11 states have passed laws guiding or regulating green cleaning in schools, including:

  • Maryland’s 2012 Act Concerning County Boards of Education – Procurement of Green Product Cleaning Supplies requires the State’s elementary and secondary public schools to use cleaning products with positive environmental attributes. Local Boards of Education are responsible for defining what may be considered a green product.
  • Connecticut’s 2009 Green Cleaning Products in Schools Act requires elementary and secondary public schools to use certified green cleaning and maintenance products, according to state guidelines.
  • New York State’s 2005 Green Cleaning Act requires elementary and secondary schools to use green cleaning and maintenance products, under state guidelines.
  • Illinois’ 2007 Green Cleaning Schools Act requires elementary and secondary schools to develop a green cleaning policy and purchase and use products consistent with state guidelines for green cleaning and maintenance products for schools. School districts that can prove that using green cleaners would pose a financial hardship may receive an exemption.
  • Maine’s 2007 Policy to Encourage the Use of Safe Chemicals in Public Schools requires the State to publish information on green cleaning products and procedures, but does not mandate green cleaning in schools.

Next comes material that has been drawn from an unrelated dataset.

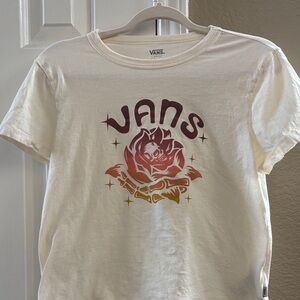Vans Off-White Tee with Rose and Skull Design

  • Missouri’s 2008 Green Cleaning for Schools Act requires the State to publish information on green cleaning products and procedures, but does not mandate green cleaning in schools.
  • Hawaii’s 2009 House Bill 1538, Relating to Environmentally-Sensitive Products, requires the Department of Education to give first preference for Green Seal certified green cleaning products for use in elementary and secondary public schools.
  • Nevada’s 2009 Act Requiring School Districts to Use Certain Environmentally Sensitive Cleaning and Maintenance Products mandates that all public elementary and secondary schools ensure that only green cleaning and maintenance products are used to clean their floor surfaces. The State’s Department of Education is required to adopt regulations that define green products and provide districts with a list of approved products. School districts that can prove that using green cleaners would pose a financial hardship may receive an exemption.
  • Several states have adopted safer cleaning regulations or guidelines for child care centers
  • Alaska, Colorado, Idaho, New York, North Dakota, Pennsylvania, Rhode Island, and Wyoming require that cleaning materials used do not contaminate play surfaces, food, or food preparation areas or otherwise represent a health hazard to children
  • Rhode Island regulations require that child care centers follow standards for cleaning products and procedures outlined in a third-party guidance document that emphasizes health and safety.
  • In 2014, Minnesota required cleaning solutions used to disinfect diapering surfaces to be free of the dangerous chemical triclosan (or derivatives of triclosan).
  • Vermont has banned the practice of diffusing airborne chemicals in day care centers that could be inhaled by children or adults (such as air fresheners).
  • Indiana’s regulation require written policies in day care centers that address environmental exposures relating to disinfecting solutions.